I don't think so. The assumption that E = m g(v) implies that g(0) = c^2. The other possibility, which is realized classically, is that E is not a function of m and v, that mass and velocity don't uniquely determine the energy.

thinking about it, the possibility that if g(0) is allowed to be 0, it may be that mg(v) then is not anymore inner property of the particle -it doesn't describe the inner energy of the particle anymore.

But then mg(v) stil might describe total energy that is associated to kinetic energy and mass energy:

Ekin + Emass = mg(v)

now Emass is not constant anymore, it is also function of velocity. Also it would be zero when v=0. but Emass may approach still mc^2 in higher velocities, but it does not in low velocities.

 

[sami_m]

That would be a convincing argument. Can you give me a corresponding example and show that the experimental observations require A(v)=0?

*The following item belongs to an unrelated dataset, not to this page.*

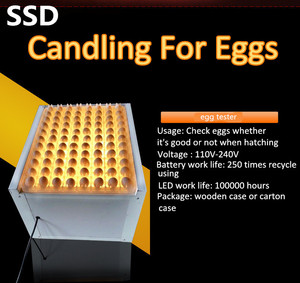 เครื่องทดสอบไข่แบบโต๊ะสำหรับศูนย์บ่มเพาะ - Product Image 5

for seeking if A(c) = 0, or A(v) = 0 i guess it can be done by seeking the maximum of the released total energy per one collision ?

 

[sami_m]

so the relativistic form of the energy would be E= \gamma mc^2 +A(v) = \sqrt{p^2c^2 + m^2c^4 }+A(v) , but nobody talks about possible term A(v).
I am not sure about this , but E may have at least observed to have maximum:
E \to \sqrt{p^2c^2 + m^2c^4} , when v \to c
but there may be room to speculate that A(v) is not zero in low velocities.(?)

 

[Herman Trivilino]

I am not sure about this , but E may have at least observed to have maximum:
E \to \sqrt{p^2c^2 + m^2c^4} , when v \to c

As $v \to c$ the total energy increases beyond all bounds. There is no maximum.

 

[sami_m]

As $v \to c$ the total energy increases beyond all bounds. There is no maximum.

yes,that is true i said wrongly - i mean in high energy collisions it may be possible to see at least:
-whether E_{tot} \to \sqrt { p^2c^2 + m^2c^4} when v \to c ( E_{tot} approach asymptotically this Energy formula) and
-whether E_{mass} = E_{tot} - E_{kin} \to mc^2 when v \to c ( whether E_{mass} has maximum mc^2, when v \to c )

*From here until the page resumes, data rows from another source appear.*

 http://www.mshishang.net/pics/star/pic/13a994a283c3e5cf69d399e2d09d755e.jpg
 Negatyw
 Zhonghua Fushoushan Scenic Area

but it may be less clear whether this A(v) \neq 0 when v << c ,what would mean also that E_{mass} = mc^2 + A(v) \neq mc^2 when v &lt;&lt; c

The equation for work or kinetic energy from the work integral was:
W = [ m\gamma c^2 + A(v) ] - [mc^2 + A(v) ]

where this A(v) is usually thought to be zero. But i don't know how to prove it.

 

[Herman Trivilino]

i mean in high energy collisions it may be possible to see at least:
-whether E_{tot} \to \sqrt { p^2c^2 + m^2c^4} when v \to c ( E_{tot} approach asymptotically this Energy formula)

There's no asymptote, either. The total energy of an object increases beyond all bounds as its speed relative to the observer approaches $c$.

The equation for work or kinetic energy from the work integral was:
W = [ m\gamma c^2 + A(v) ] - [mc^2 + A(v) ]

The work-energy theorem is a dynamical relation, valid for objects that cannot posses internal energy, for example, a point particle. If you see it introduced as anything more than that, it presents work as something that cannot be generalized to thermodynamic work. This is why you see introductory physics textbooks changing the way the work-energy theorem is treated in dynamics. They want a definition of work that can be generalized to include not just dynamical considerations, but also thermodynamics.

where this A(v) is usually thought to be zero. But i don't know how to prove it.

I don't think it can be "proven". A proof is something that follows from premises, so in that sense there is no information in the end result of a proof that wasn't already present in the premises. To me, the more important consideration is evidence to support it. Can you think of any experiment that could be done to detect the presence of a nonzero value for $A(v)$?